ACA Section 1402 mandates that insurers offering qualified health plans through the Exchanges reduce cost-sharing obligations, such as deductibles, copayments and other charges, for eligible low-income individuals and families. More than half of all Exchange plan enrollees received cost-sharing reductions in 2015. The question presented to the court was whether Congress made an appropriation for payments to insurers for cost-sharing reductions provided by Section 1402.

The Constitution requires that authorization and appropriation by Congress are nonnegotiable prerequisites to government spending. The parties agreed that Congress had in Internal Revenue Code (IRC) Section 1324 made a permanent appropriation for Section 1401 of the ACA, which added a new section 36B to the IRC for the payment of premium assistance tax credits. HHS argued that ACA Section 1402 was “economically and programmatically integrated” with Section 1401 and therefore could be implemented consistent with the express appropriation for Section 1401 of the ACA. The court disagreed.

The court found that Congress had not made an appropriation for the process of making “periodic and timely payments” for the cost-sharing reductions. Denying the connection to Section 1401 for appropriation purposes, the court held that premium tax credits are payable under IRC Section 36B, while the cost-sharing reductions are payable under ACA Section 1402. The court’s opinion is an interesting review of the balance of power set forth in the Constitution and the dangers of the legislative drafting process, especially the manner in which each provision involved Congressional Budget Office (CBO) cost estimate scoring. The court’s finding cites to CBO and Office of Management and Budget (OMB) documents that appear to conflict with HHS’s current argument, acknowledging “that no permanent appropriation was available for Section 1402 reimbursements.”

The judge was unpersuaded by HHS’s arguments attempting, as it did in King v. Burwell, to show the intertwined nature of ACA provisions, in this case the cost-sharing and tax credit provisions. The decision distinguishes the dispute from King, where the U.S. Supreme Court addressed whether the ACA’s tax credits are available to individuals who purchase coverage in states with a federal Exchange. While the controversy in King, dealt with arguments over text and drafting, the dispute in House involves whether payments made under ACA Section 1402 had been effectively authorized by Congress. As the Judge plainly explains “There is nothing in the ACA that prevents compliance. The funds simply must be appropriated.”

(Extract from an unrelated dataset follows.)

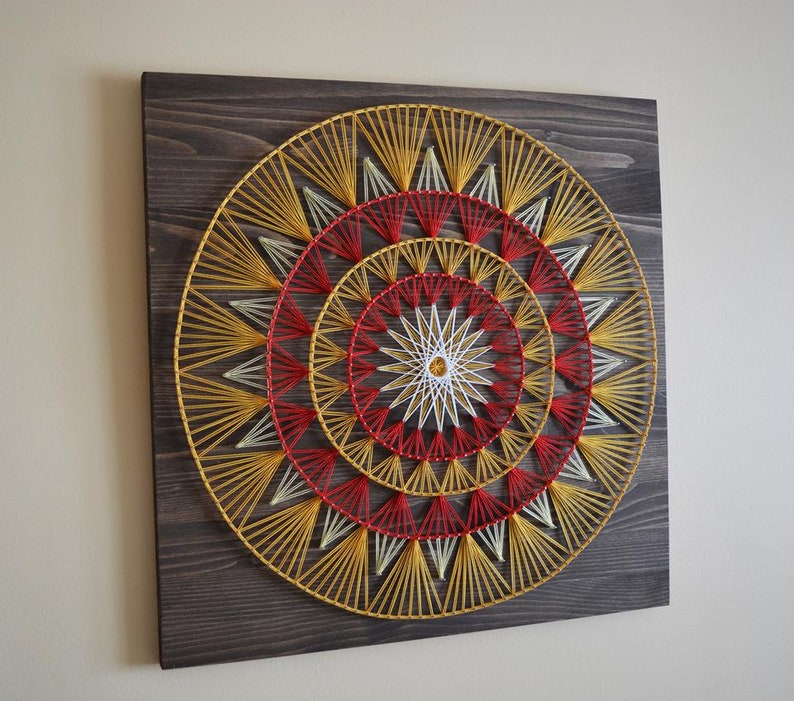 Sacred Mandala Wall Art Wood Wall Decal Mandala Wall Hanging Etsy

The court enjoined any further reimbursements to insurers under Section 1402 until a valid appropriation is in place and it is doubtful a move to pass an “emergency” appropriation will be made during the remainder of the year, given the politics surrounding the lawsuit, the budget and any ACA “fix.” The court did stay its injunction pending any appeal, so we will have to watch for the next chapter in this ACA courtroom drama.